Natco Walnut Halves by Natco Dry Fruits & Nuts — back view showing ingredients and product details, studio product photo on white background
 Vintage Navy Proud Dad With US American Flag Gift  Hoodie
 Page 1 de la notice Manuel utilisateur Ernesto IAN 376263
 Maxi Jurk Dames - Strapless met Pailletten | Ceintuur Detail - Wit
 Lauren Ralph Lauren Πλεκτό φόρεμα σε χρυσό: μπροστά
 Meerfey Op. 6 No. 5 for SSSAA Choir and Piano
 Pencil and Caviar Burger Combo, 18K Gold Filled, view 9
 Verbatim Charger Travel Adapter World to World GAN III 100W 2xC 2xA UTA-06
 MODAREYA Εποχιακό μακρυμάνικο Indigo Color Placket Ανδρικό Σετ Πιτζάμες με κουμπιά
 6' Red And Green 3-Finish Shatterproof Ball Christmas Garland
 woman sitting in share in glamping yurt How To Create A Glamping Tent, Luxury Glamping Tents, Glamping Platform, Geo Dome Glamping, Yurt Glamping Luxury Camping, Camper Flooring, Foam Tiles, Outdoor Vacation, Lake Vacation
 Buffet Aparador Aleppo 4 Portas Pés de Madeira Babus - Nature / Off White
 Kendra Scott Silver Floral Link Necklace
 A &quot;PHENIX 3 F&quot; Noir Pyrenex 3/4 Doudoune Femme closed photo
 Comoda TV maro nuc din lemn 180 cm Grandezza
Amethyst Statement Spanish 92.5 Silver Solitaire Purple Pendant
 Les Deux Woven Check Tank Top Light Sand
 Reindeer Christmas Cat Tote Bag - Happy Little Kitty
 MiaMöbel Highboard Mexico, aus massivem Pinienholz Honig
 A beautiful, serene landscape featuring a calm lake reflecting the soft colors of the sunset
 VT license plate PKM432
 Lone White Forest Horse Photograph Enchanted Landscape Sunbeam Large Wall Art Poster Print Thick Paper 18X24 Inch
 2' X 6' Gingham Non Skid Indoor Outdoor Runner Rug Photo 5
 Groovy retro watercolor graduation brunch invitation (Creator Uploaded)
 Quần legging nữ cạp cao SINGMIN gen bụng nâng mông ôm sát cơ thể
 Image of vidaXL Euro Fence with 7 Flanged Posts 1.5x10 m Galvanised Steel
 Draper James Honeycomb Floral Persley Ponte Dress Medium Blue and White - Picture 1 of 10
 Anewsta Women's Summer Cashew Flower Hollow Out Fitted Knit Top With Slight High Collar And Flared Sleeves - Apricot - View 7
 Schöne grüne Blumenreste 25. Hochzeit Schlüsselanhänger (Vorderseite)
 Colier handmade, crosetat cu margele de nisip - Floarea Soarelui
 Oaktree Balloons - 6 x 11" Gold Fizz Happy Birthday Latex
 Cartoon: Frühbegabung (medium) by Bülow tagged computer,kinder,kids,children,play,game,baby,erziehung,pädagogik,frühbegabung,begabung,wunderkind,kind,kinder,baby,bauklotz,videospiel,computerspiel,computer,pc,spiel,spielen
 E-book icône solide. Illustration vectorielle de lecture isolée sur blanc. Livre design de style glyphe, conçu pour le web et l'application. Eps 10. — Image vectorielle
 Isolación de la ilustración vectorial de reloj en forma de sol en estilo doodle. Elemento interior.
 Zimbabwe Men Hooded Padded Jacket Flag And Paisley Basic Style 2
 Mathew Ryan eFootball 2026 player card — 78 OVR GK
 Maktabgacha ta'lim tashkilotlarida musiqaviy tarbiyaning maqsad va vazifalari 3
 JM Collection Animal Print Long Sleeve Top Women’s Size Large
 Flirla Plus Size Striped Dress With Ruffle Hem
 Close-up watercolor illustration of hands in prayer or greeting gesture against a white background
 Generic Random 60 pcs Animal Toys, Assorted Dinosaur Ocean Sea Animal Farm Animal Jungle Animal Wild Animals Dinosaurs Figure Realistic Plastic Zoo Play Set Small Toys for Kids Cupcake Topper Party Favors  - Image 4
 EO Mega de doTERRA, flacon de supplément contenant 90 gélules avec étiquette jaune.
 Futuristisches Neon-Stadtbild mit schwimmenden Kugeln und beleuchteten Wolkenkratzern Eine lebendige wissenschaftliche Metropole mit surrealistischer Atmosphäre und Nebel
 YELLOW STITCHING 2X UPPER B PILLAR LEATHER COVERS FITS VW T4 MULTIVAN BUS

#####

Description of the task: Would you please copy each line of the listing that contains the word "Christmas"?

Answer to the problem:
 6' Red And Green 3-Finish Shatterproof Ball Christmas Garland
 Reindeer Christmas Cat Tote Bag - Happy Little Kitty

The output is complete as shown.